Exactly, the LM’s with sentencepiece that we trained for recent poleval weren’t too good at generating language but performed very well when used as a base for a ulmfit classifier.
Interesting dataset you have, is it publicly available, it would be nice to see how good ULMFiT can get on such dataset.
The things I’ve noticed is that you aren’t doing any pretraining on unabeled data which should significantly help your classifier to accumulate knowledge that might note be easy to extract just from two books. I would at least start with wikipedia pretrained model, but in your case where you try to detect dialog vs narrator it would be good to add some dialog samples like reddit, I can send you the one we collected for poleval 2019.

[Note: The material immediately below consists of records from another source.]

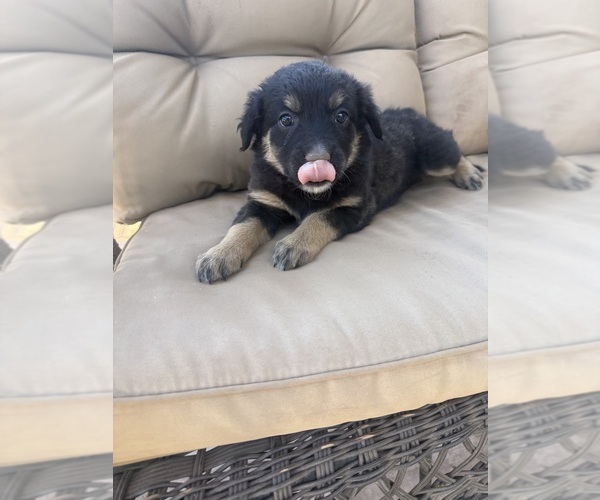 Medium Photo #23 Australian Shepherd Puppy For Sale in WILLIAMS, AZ, USA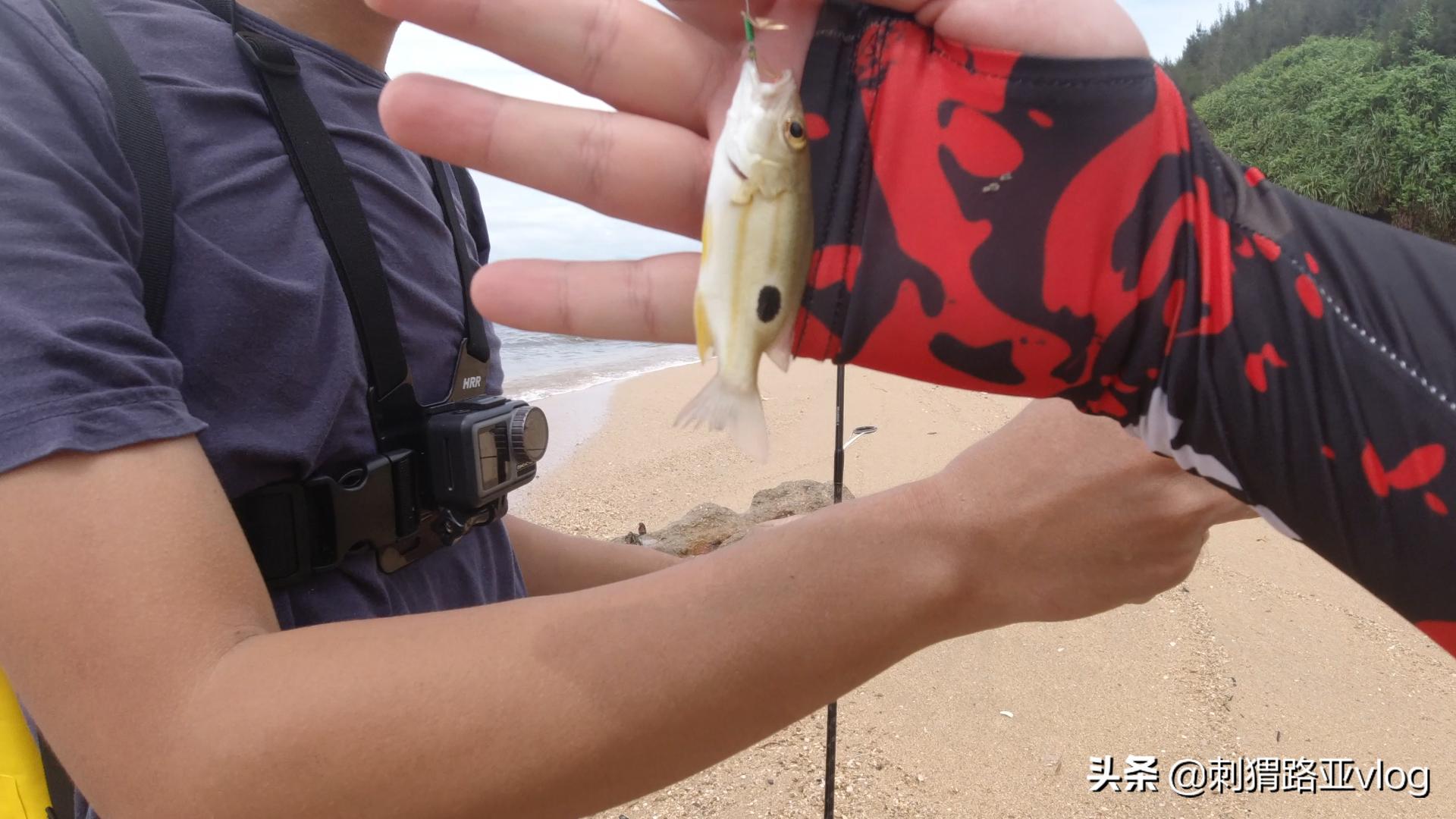 路亚钓海鱼视频,路亚钓鱼近岸小范围作钓攻略
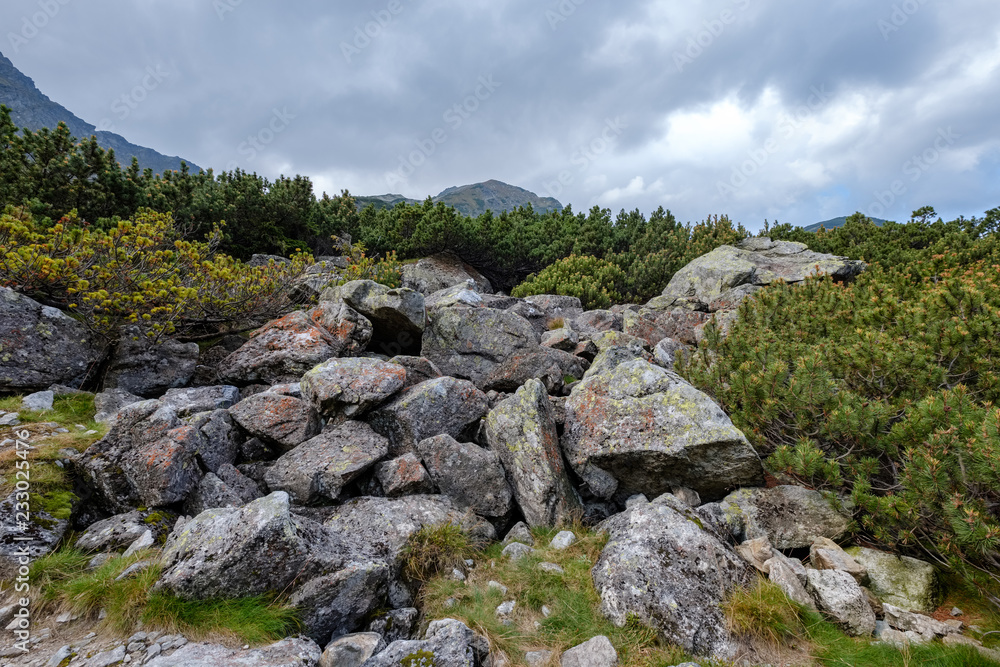 rocky hiking trails for tourists in western carpathian Tatra mountains in slovakia rocky hiking trails for tourists in western carpathian Tatra mountains in slovakia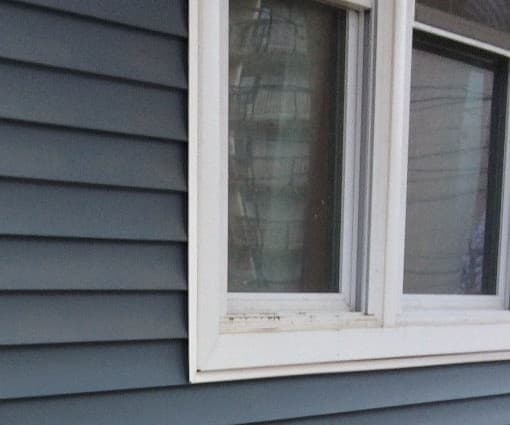 A white-framed double window set in blue-gray lap siding, sill and casing in close view.
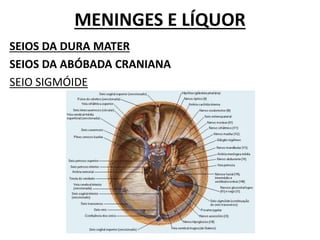 MENINGES E LÍQUOR
SEIOS DA DURA MATER
SEIOS DA ABÓBADA CRANIANA
SEIO SIGMÓIDE
 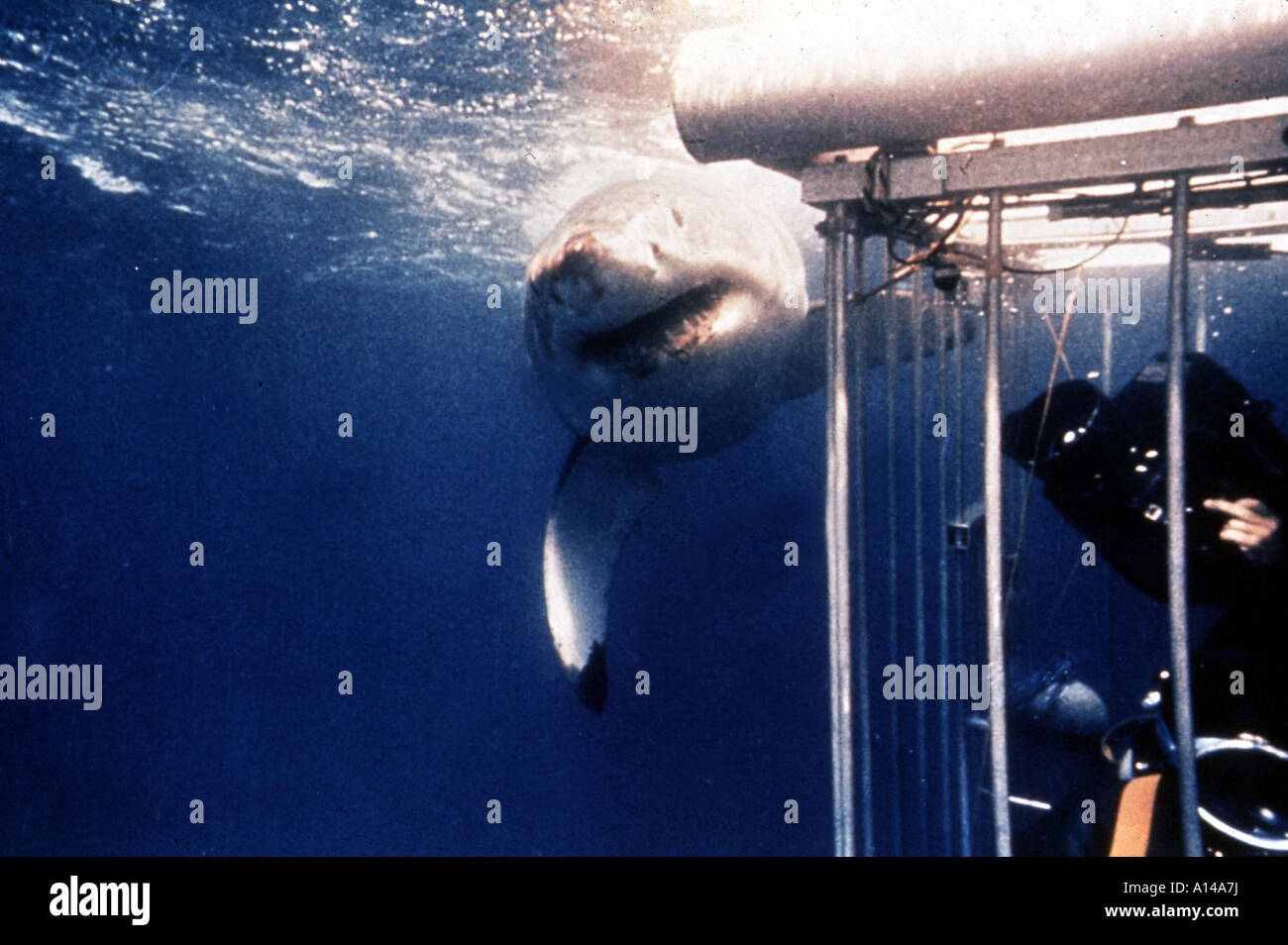 Jaws 1975 cinema hi-res stock photography and images - Alamy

But maybe you could simply use other books preferably from the same time and genre? https://wolnelektury.pl, some of the books are already in text format https://wolnelektury.pl/media/book/txt/poglady-ksiedza-hieronima-coignarda.txt.
Another important note is how you split the text for the language model you should make sure you include longer paragraphs of text as one item, so that they are feed to LM in order. In your case it seems you feed it with sentences which might make it harder for ULMFiT to see the changes in between narrator and dialog, as detecting this is not that beneficial as in case of longer paragraphs.

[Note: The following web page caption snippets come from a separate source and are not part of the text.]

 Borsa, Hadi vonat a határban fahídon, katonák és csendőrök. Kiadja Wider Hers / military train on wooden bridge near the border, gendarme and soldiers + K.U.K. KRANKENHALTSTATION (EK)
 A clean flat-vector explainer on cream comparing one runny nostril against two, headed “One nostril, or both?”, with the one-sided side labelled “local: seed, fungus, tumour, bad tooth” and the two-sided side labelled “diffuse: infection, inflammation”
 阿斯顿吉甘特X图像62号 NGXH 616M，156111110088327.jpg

Thanks for the explanation Piotr, really enjoyed reading the paper earlier! I was actually trying to emphasize that comparing LM perplexity performances of differently tokenized datasets are like comparing apples and oranges. For example, if we change a parameter in sentencepiece and compare two LM model’s perplexity then it wouldn’t be a valid comparison. You stated that the end goal is downstream performance and I agree on that with you. I was only referring to the graph shared in this post (FIG 2).
After doing a little thought experiment before sharing what I had earlier I realized it wouldn’t be surprising to see naturally lower perplexities as # of tokens decrease. At extreme, say we have 2 tokens in our vocab. Probability of predicting next token for a randomly initialized model would be ~50%. (aka. less entropy to begin with)
Quoting someone down (this also make more sense to me for describing perplexity):
First of all, perplexity has nothing to do with characterizing how often you guess something right. It has more to do with characterizing the complexity of a stochastic sequence.
Just sharing my thoughts
PS. I also read a paper from CMU regarding different LM metric proposals for a more rigorous comparison, not seem to find it now but will definitely share once I do.
You are absolutely right you cannot compare the perplexity between arbitrary datasets or tokenisations. However you can make the perplexity comparable if your tokenisation is reversible (you can get original text out of it) and you normalize the neg log loss by fixed number (we used the number of words in polish corpus, not the number of subwords that was changing).
In case of your thought experiment if you have 2 tokens you can’t recreate the original text, so the perplexity would not be comparable in that case. We made sure that we were including the full set of characters from the corpus so you can compare the values in Fig2. It is a bit similar to the way OpenAI evaluated GPT-2 on the WIkiText-103. The GPT2 has different tokenisation mechanism (BPE on bytes), and it was trained on normal text documents while WikiText-103 is normalized by Moses so the had to undo the normalisation, and then do the tokenisation on byte level, but they could still compare the perplexity numbers with word level models because they were normalizing the perplexity by the number of words in the original corpus not by the nubmer of subword tokens.